Google goes Grand Canyon rafting
Published 14/03/2014 | 01:27
The search giant partnered with the advocacy group American Rivers to showcase views of nearly 300 miles of whitewater rapids, towering red canyon walls, and rich geologic history.
The 360-degree views that went live in Google's Street View map option were once reserved largely for rafters who were lucky enough to board a private trip through the remote canyon, or those willing to pay big bucks to navigate its whitewater rapids.
Google project lead Karin Tuxen-Bettman hopes the images educate the public about the US waterway that American Rivers listed as the most endangered last year due to drought and overuse.
"We hope this inspires viewers to take an active interest in preserving it," she said.
Federal officials and environmentalists have been raising alarms recently about demand outstripping supply on the river serving 40 million people in seven western states.
The imagery Google captured, from Lees Ferry south of Page to Pearce Ferry, shows signs of drought around Lake Mead, and the impacts of damming the river.
"It's just a valuable snapshot in time of what the river is like right now," said Amy Kober of American Rivers.

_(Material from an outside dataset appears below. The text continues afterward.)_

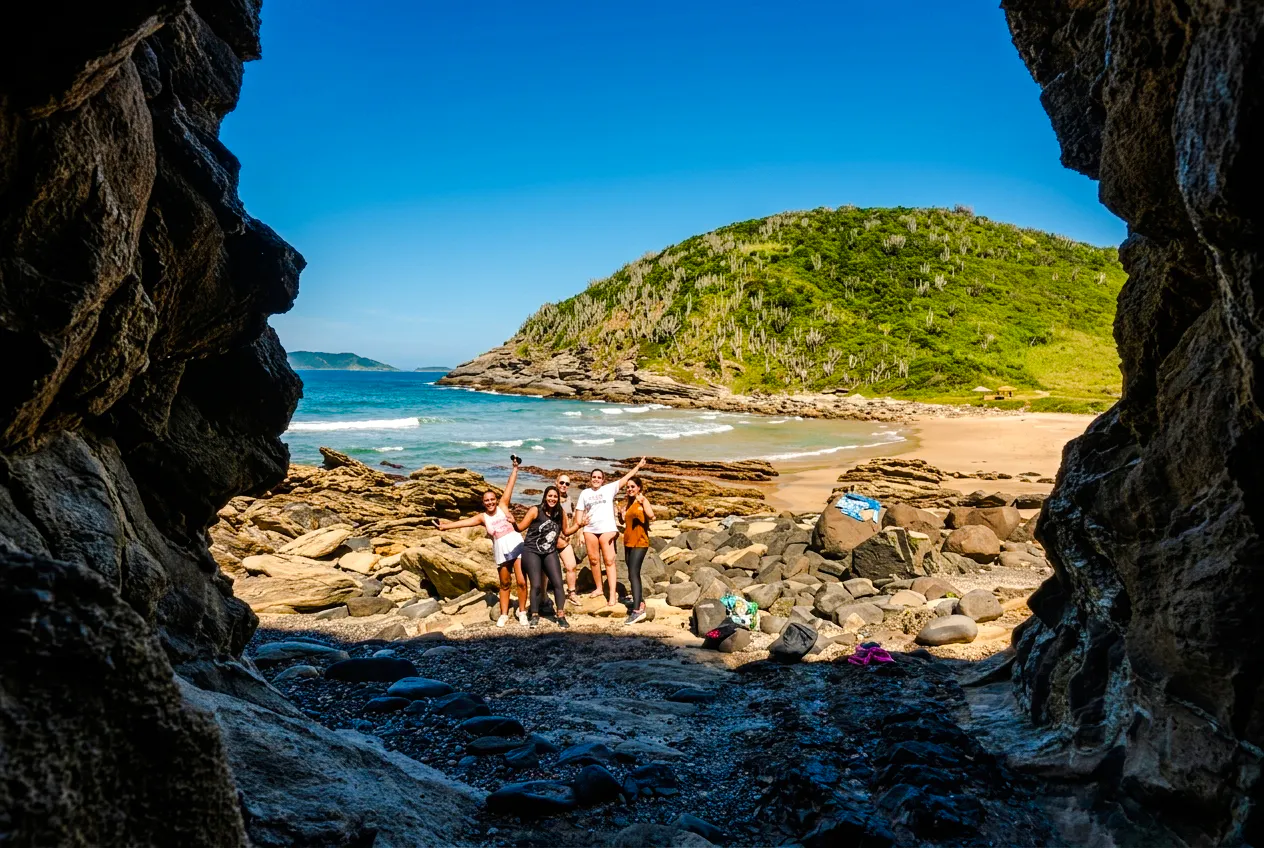 Búzios Emerências Trail to José Gonçalves Beach Guided Hike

Google used two clusters of cameras mounted on two rafts to capture the images in August and then stitched them together. The crew of nearly 20 people, including guides, spent eight mostly sunny days on the river, but got drenched by rain on two of those days.

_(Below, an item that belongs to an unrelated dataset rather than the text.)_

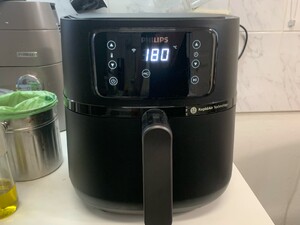 foto unseres neuen airfryers, der gerade auf 180° heizt.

The company said the images are the first river views it has published on Street View from the United States. In 2011, Google mounted its Street View trike on a boat and went up the Rio Negro, a tributary of the Amazon, Ms Tuxen-Bettman said.
The company also has used carts and snowmobiles to map places where vehicles cannot travel. In late 2012, Google mapped the most popular hiking trails at the Grand Canyon using cameras mounted on a backpack. Those panoramic views were released early last year.

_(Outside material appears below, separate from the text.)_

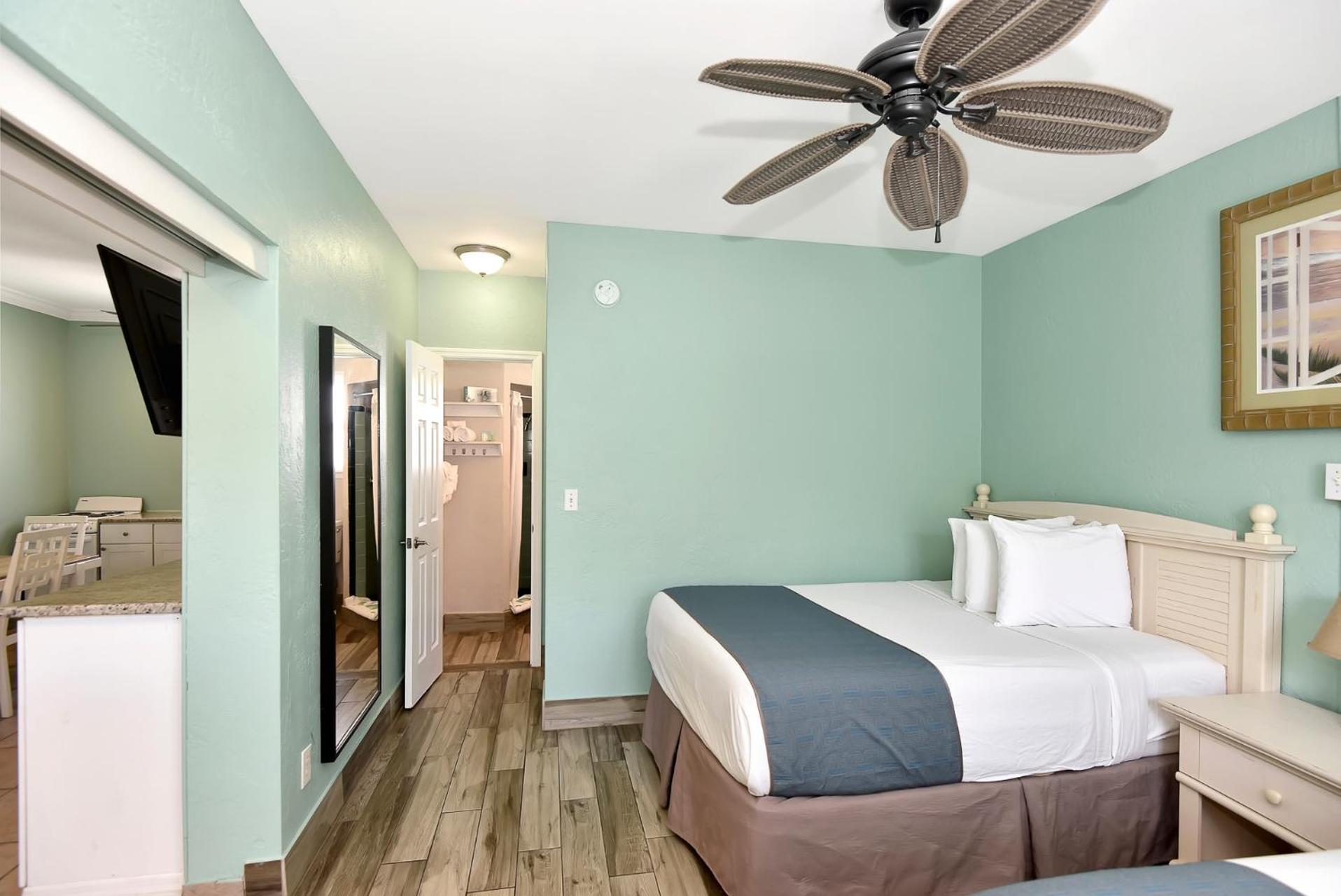 Shoreline Suites & Cabana Cottages - Beachfront Daytona Beach Exteriör bild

For rafters on the Colorado River, trips can cost up to 3,000 dollars (£1,800) a person, depending on the length and whether they are private or commercial trips. Grand Canyon National Park limits the number of people who can go on self-guided trips through a highly competitive lottery system and has an annual cap on the number of commercial, motorised trips.
One of the first things virtual visitors might notice is the remoteness of the canyon where rafters spend a few days or nearly a month navigating whitewater rapids, hiking side canyons, snapping photos of waterfalls and endangered species, and savouring the solitude. It is a place where mobile phones do not work and rafters pack only what they need.